**DATASET EXCERPT**
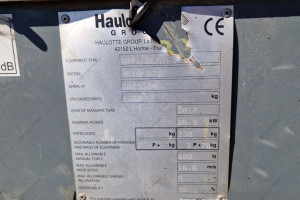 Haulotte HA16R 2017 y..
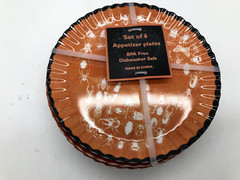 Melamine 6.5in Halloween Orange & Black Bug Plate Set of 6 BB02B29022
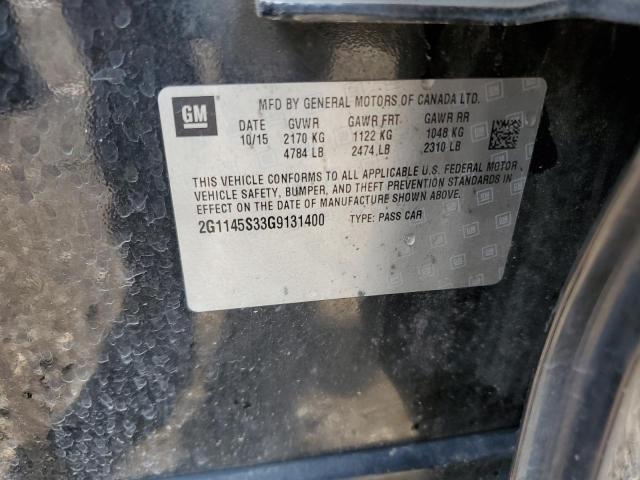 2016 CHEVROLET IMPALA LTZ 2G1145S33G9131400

**WHAT YOU SHOULD DO**
Your reply should hold every line of the material, unaltered, and not one picture.

**FINISHED TASK**
 Haulotte HA16R 2017 y..
 Melamine 6.5in Halloween Orange & Black Bug Plate Set of 6 BB02B29022
 2016 CHEVROLET IMPALA LTZ 2G1145S33G9131400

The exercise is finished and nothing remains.